Je me souviens d’une amie qui ayant peur de l’avion transportait en permanence un petit flacon de parfum –amulette olfactive- qu’elle portait à son nez au décollage comme à l’atterrissage.

Je me souviens…

KILIAN HENNESSY, Editeurs des parfums KILIAN

Sur la Beauté en Parfumerie

Platon disait : « Il faut qu’il y ait de la Beauté dans la Cité »

Parce que le Beau implique un épanouissement, c’est une clarté qui rayonne. Ce qui veut dire que le rôle du Beau, aussi bien dans l’Art que dans l’œuvre de notre métier serait d’ôter son obscurité à la réalité.

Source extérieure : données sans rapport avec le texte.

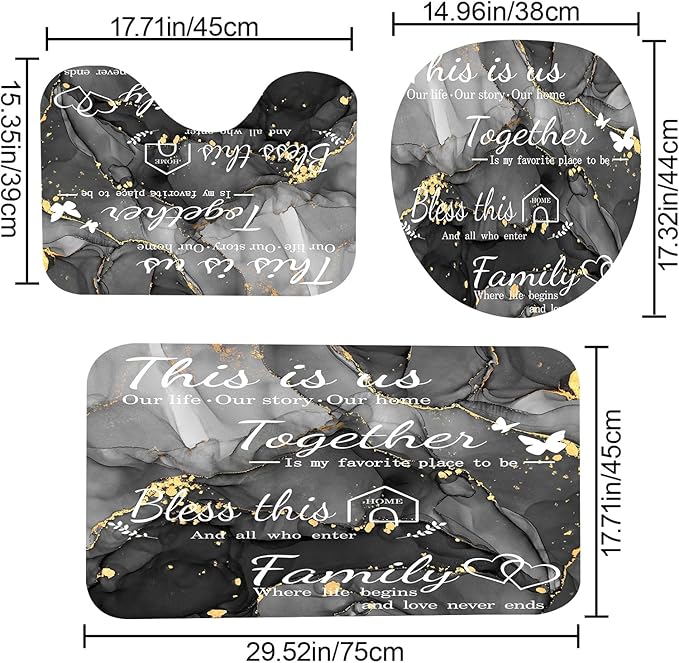 4Pcs Family Marble Shower Curtain Set,Dark Grey Home Inspirational Bathroom Sets with Shower Curtain and Rugs, Bathroom Decor Set,Waterproof Bathroom Curtains Shower Set,with 12 Pcs Hooks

Seuls les sectaires de la pensée pourraient oser créer une distinction de classe et de nature entre le Beau dans les Beaux-Arts comme étant noble, et le Beau dans la vie à travers les œuvres de notre métier comme vulgaire et mercantile. Brancusi disait : « Les choses de l’Art sont des miroirs dans lesquels chacun voit ce qui lui ressemble ».

Cela est d’autant plus vrai en parfum qui offre aux individus la faculté d’harmonie et leur permet d’exprimer une facette de leur personnalité à travers leur propre interprétation.

C’est pourquoi les grandes œuvres sont à la fois « matière » et « esprit »… C’est pourquoi je considère qu’un grand parfum se doit d’être une grande histoire bien avant d’être une jolie harmonie olfactive.

SERGE LUTENS, Créateur des parfums SERGE LUTENS

ODORISER, DESODORISER

Tout est parfumé, plus rien n’a d’odeur !

Odoriser et désodoriser ont pris le même sens. Un arsenal pour le carnaval du cinquième sens. Bougies, bombes, pots-pourris, diffuseurs, déodorants créent leurs faux-semblants. Ouvrir une fenêtre demeure la solution.

Le déodorant est aussi un mauvais parfum qui n’avoue pas son nom.

L’absence d’odeur est devenue une forme d’angoisse qui pourrait faire apparaître l’idée même d’un mauvaise odeur. Le goût du parfum ne saurait exister qu’à partir d’une conscience des lieux, des matières, des êtres. Si ce n’est le cas, il peut disparaître. Il abîme les sens plus qu’il ne les active.

Si ce n’était pour nous recentrer et pour nous faire connaître, à quoi d’autre pourrait servir un parfum ?

FEDERIC MALLE, Directeur Artistique des parfums FREDERIC MALLE

Créer l’aimant

J’aime aller jusqu’au bout d’une idée, construire un accord nouveau, me mettre en danger. Faire confiance au parfumeur que j’ai choisi et adopter sa logique, jusqu’au moment où j’ai la sensation que j’ai mis la main sur un truc particulièrement intense. Cela peut prendre un mois comme dix-huit. Il faut alors être très honnête avec soi-même, savoir prendre du recul. Ce n’est pas tout d’être surpris, il faut aussi avoir un parfum suffisamment fini pour dépasser le stade de l’ébauche. Sinon c’est du narcissisme.

Le parfum est une étape extrêmement importante du plaisir. Enlever le parfum, c’est virer dans un monde sans couleurs. Des couleurs qu’on attrape avec son nez.

Ne pas se parfumer est comme perdre un sens. C’est bien pour cela que le parfum a survécu des milliers d’années. Certains parfums sont des monuments historiques. Ils m’ont fait tomber amoureux. Il faut préserver leur héritage.

Croiser quelqu’un qui porte l’un de mes parfums est grisant. Mais je ne cherche pas à être Pygmalion. J’aime seulement rendre les gens olfactivement plus beaux. Car le parfum ne concourt-il pas à un but ultime ?

Sentir bon et se sentir plus attirant.